Vaquita porpoise. (Photo: WWF)
Court orders ban on seafood imports from Mexico to save vaquita porpoise
UNITED STATES
Friday, July 27, 2018, 03:00 (GMT + 9)
The US Court of International Trade ordered the Trump administration to ban seafood imports from Mexico caught with gillnets that kill the critically endangered vaquita porpoise, responding to a lawsuit filed by conservation groups.
The ruling follows a lawsuit filed in March by three conservation organisations: Natural Resources Defense Council, the Animal Welfare Institute and the Center for Biological Diversity.

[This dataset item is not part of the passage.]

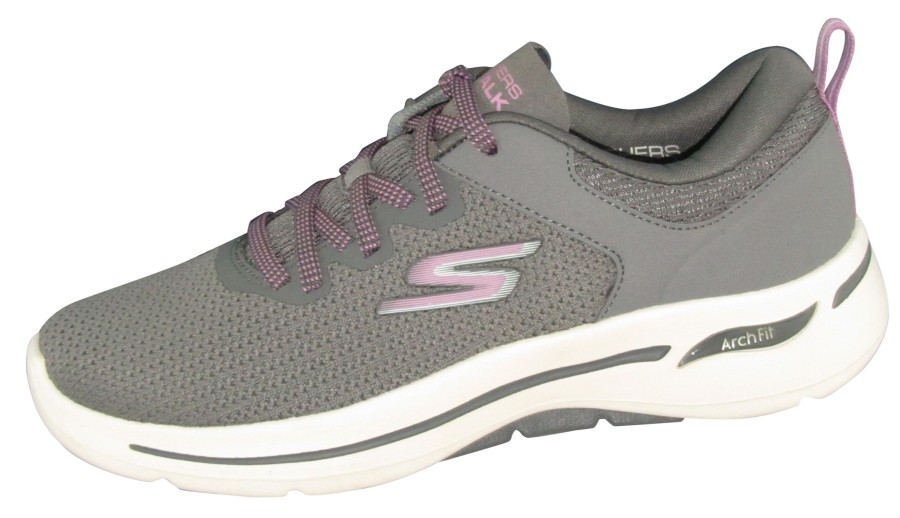 Shoes - Low To Flat SHOES - low to flat | Go Walk-Arch Fit-124872 Skechers 02 Charcoal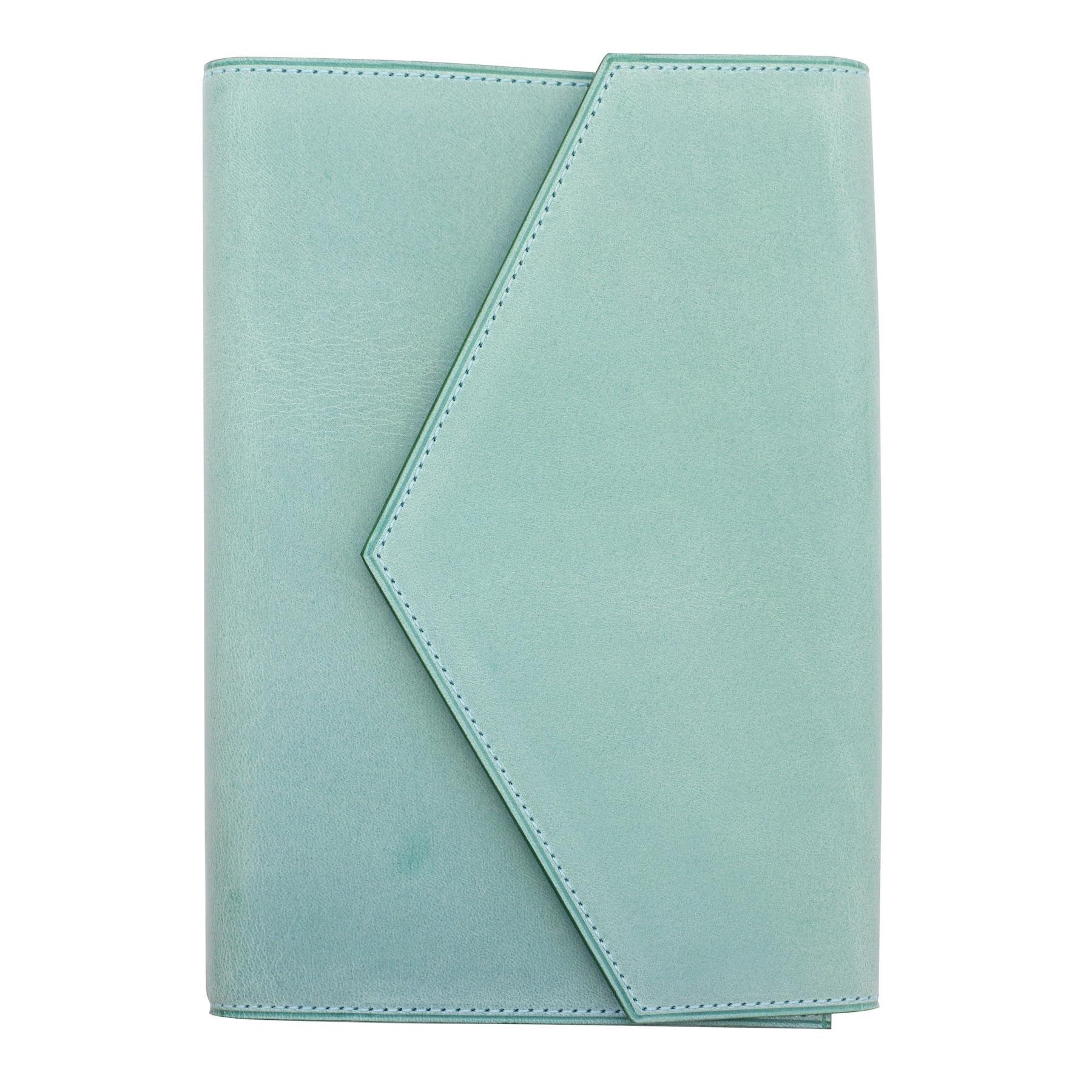 

Lettera Tempesty Sibylla Leather Bible 16mm Gold Ring System Organizer [Turquoise]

The Court ruling affirms Congress’ mandate under the US Marine Mammal Protection Act that the United States protect not just domestic marine mammals, but foreign whales, dolphins, and porpoises as well.
The import ban covers all fish and fish products from Mexican commercial fisheries that use gillnets within the vaquita’s range in the Upper Gulf of California, including shrimp, corvina (drum fish), sierra (Spanish mackerel) and chano (bigeye croaker) from the area.
“With vaquitas on the brink of extinction, these economic sanctions are painful but necessary to push Mexican officials to finally protect these little porpoises,” said Sarah Uhlemann, international program director at the Center for Biological Diversity.
“For 20 years, the Mexican government has promised to save the vaquita but failed to take meaningful action. That has to change or we’ll lose these animals forever,” the director claimed.
In its decision, the Court found that ”the number of permissible vaquita deaths under the [Marine Mammal Protection Act] is being exceeded, that an embargo is legally required, and that the species is at risk of extinction.”
In this regard, it explained that the risk of the vaquita’s extinction from continued gillnet fishing in the Gulf outweighed the costs of an embargo. The court cited experts’ statements that “extinction is . . . inevitable unless gillnets are completely removed from vaquita habitat,” and that the vaquita’s plight is so desperate that “even one more bycatch death . . . threatens the very existence of the species.”
“A ban on gillnet-caught seafood from Mexico’s Gulf of California is the life line the vaquita desperately needs,” said Giulia Good Stefani, staff attorney with the Natural Resources Defense Council, who argued the case before the Court.
“Collectively, our organizations have spent over a decade working to save the vaquita—and never has extinction felt so close—but now, the world’s smallest and most endangered porpoise has what may be its very last chance,” she stated.
For her part, Kate O’Connell, marine animal consultant at the Animal Welfare Institute, stressed that the Mexican government must now protect the vaquita from gillnets before it is too late and this species disappears forever.
It is estimated that in 2017 alone more than 1,400 tonnes of the now-banned gillnet-caught fish and shrimp, valued at roughly USD 16 million, crossed the border to be consumed in the United States.